Top of Material shown

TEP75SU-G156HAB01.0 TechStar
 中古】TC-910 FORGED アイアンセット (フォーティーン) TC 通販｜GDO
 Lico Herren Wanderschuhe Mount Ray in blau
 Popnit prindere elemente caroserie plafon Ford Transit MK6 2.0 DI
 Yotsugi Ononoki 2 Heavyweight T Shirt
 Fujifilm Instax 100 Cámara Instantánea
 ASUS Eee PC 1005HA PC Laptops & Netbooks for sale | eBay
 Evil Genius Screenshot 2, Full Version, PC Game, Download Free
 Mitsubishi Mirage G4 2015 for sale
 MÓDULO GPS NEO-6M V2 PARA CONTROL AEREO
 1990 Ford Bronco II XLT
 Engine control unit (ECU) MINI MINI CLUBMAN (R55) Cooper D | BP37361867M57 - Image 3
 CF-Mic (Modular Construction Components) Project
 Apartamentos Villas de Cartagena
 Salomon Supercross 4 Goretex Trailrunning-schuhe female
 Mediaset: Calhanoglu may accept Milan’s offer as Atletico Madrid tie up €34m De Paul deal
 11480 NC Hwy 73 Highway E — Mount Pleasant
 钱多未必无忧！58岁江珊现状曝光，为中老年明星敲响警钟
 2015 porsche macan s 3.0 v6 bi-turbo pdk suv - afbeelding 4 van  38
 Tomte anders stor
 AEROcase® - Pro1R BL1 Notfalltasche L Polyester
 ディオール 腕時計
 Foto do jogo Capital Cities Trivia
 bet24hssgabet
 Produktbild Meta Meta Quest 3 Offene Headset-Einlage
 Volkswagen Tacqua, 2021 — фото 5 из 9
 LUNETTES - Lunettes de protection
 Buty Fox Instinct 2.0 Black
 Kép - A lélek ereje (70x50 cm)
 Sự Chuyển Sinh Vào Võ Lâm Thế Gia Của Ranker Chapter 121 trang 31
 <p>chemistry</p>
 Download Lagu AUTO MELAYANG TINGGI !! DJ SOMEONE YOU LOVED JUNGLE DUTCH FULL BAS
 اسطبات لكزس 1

Bottom of Material shown

Return the entries exactly through the "Engine control unit" line.

▸ **Result of this exercise**:
TEP75SU-G156HAB01.0 TechStar
 中古】TC-910 FORGED アイアンセット (フォーティーン) TC 通販｜GDO
 Lico Herren Wanderschuhe Mount Ray in blau
 Popnit prindere elemente caroserie plafon Ford Transit MK6 2.0 DI
 Yotsugi Ononoki 2 Heavyweight T Shirt
 Fujifilm Instax 100 Cámara Instantánea
 ASUS Eee PC 1005HA PC Laptops & Netbooks for sale | eBay
 Evil Genius Screenshot 2, Full Version, PC Game, Download Free
 Mitsubishi Mirage G4 2015 for sale
 MÓDULO GPS NEO-6M V2 PARA CONTROL AEREO
 1990 Ford Bronco II XLT
 Engine control unit (ECU) MINI MINI CLUBMAN (R55) Cooper D | BP37361867M57 - Image 3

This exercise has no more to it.